The 5-HT2B receptor is a Class A GPCR with:
In the central nervous system, 5-HT2B is expressed in:
Peripheral expression includes:
5-HT2B receptor signaling involves:
In neurons, 5-HT2B:
5-HT2B signaling affects amyloid-beta (Aβ) metabolism and neuroinflammation. Studies show that 5-HT2B activation can:
Therapeutic targeting with 5-HT2B antagonists may reduce Aβ pathology.

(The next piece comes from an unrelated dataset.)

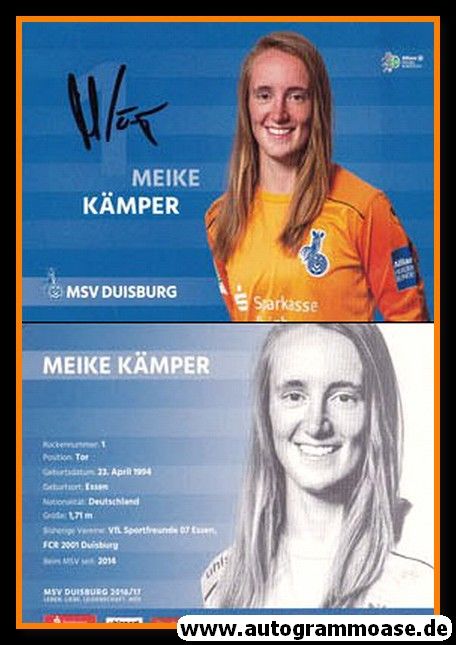 Autogramm Fussball (D) | FCR 2001 Duisburg | 2016 | Meike KÄMPER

5-HT2B receptors are upregulated in PD brains and may contribute to:
5-HT2B antagonists show promise in reducing levodopa-induced dyskinesias.
5-HT2B is implicated in the trigeminovascular system for migraine pain. Triptans (5-HT1B/1D agonists) may also act indirectly on 5-HT2B.
5-HT2B overexpression contributes to pulmonary vascular remodeling. FDA-approved antagonists (terguride, selexipag) are used clinically.
The study of Htr2B Gene has evolved significantly over the past decades. Research in this area has revealed important insights into the underlying mechanisms of neurodegeneration and continues to drive therapeutic development.
Historical context and key discoveries in this field have shaped our current understanding and will continue to guide future research directions.